Tuesday, April 3, 2012

SWOT Analysis

One of the most important parts of a businesses strategic development yet it seems to be one which most consultants and strategies I've encountered fail to understand. Perhaps this is because SWOT has become too standardized, its an older tool, one which people pay lip service to by making a base list of strengths, weaknesses, opportunities and threats without stating what should be done about any of these.
If you learn nothing else from me, learn this: The purpose of a SWOT is not simply to list concerns or advantages; it’s to determine what to do about these things. Its to help you take advantage of opportunities, to develop strengths to help deal with weaknesses and avoid threats. A good SWOT tells you everything you need to be successful.
Again far too many strategic plans and worse--overpaid strategic planning consultants--end their SWOT analysis with nothing more than a short list of a few good and bad points about a company. This is one of the biggest mistakes I’ve encountered in the strategic plans I’ve seen.

Strengths: Strengths are relative to your competition. It’s not a strength if everyone is as good or better at it than you are. One of the primary goals in business is to develop a solid list of strengths in order to gain advantages. So don’t be too discouraged if your current list is short. You use your strengths in order to develop new strengths and to take advantage of opportunities. They are also a way of balancing weaknesses and avoiding threats. Write down some examples of how you might do this beside each listed strength.
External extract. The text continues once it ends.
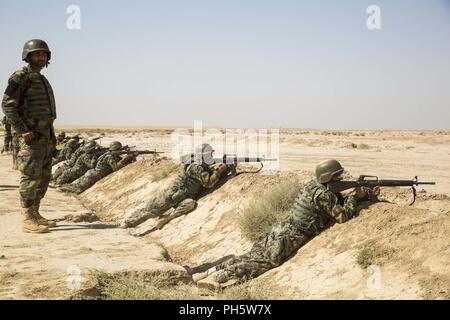 La province d'Helmand, en Afghanistan (27 juin 2018) - Un chef d'escouade de l'Armée nationale afghane observe son environnement avant de coordonner les incendies avant qu'une gamme de tir réel supervisé par les instructeurs de l'ANA et conseillers du Corps des Marines des États-Unis avec la Force au sud-ouest au Camp Shorabak. C'est la première fois dans l'histoire de l'échelon régional Centre d'entraînement militaire que les militaires de l'ANA ont mené des attaques de tir réel squad avec le soutien de feu de mortiers et mitrailleuses pendant un cycle de préparation opérationnelle. Banque D'Images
Weaknesses: Is anything you do worse than the competition or which might derail your entire industry if everyone does it poorly? Depending on how serious a weakness is to your core purpose, you may need to determine how to improve upon it or how to adjust it.
You don’t need to be great at everything of course, you just need a plan to deal with your weaknesses in such a way that they don’t impact your business in such a way that it fails to earn as much money as it could.


Opportunities and Threats

Opportunities and threats come from anything that exists outside of your company’s reasonable control; from social movements to the political environment, the economy, new technologies, your competition and more can provide opportunities and threats.
Remember that in all things part of what you’re doing is comparing yourself to your competitors not to what you think provides advantages or disadvantages. If your customer base is changing, then there’s a good chance that your competitors’ customer base is changing as well. This in turn can provide both an opportunity and a threat because such changes give you the chance to adapt faster than your competitors, thus allowing you to take market share from them. At the same time, your competitors gain the same opportunity to adapt faster than you do. What you need to do is determine how you might take advantage of or avoid damage from your opportunities and your threats.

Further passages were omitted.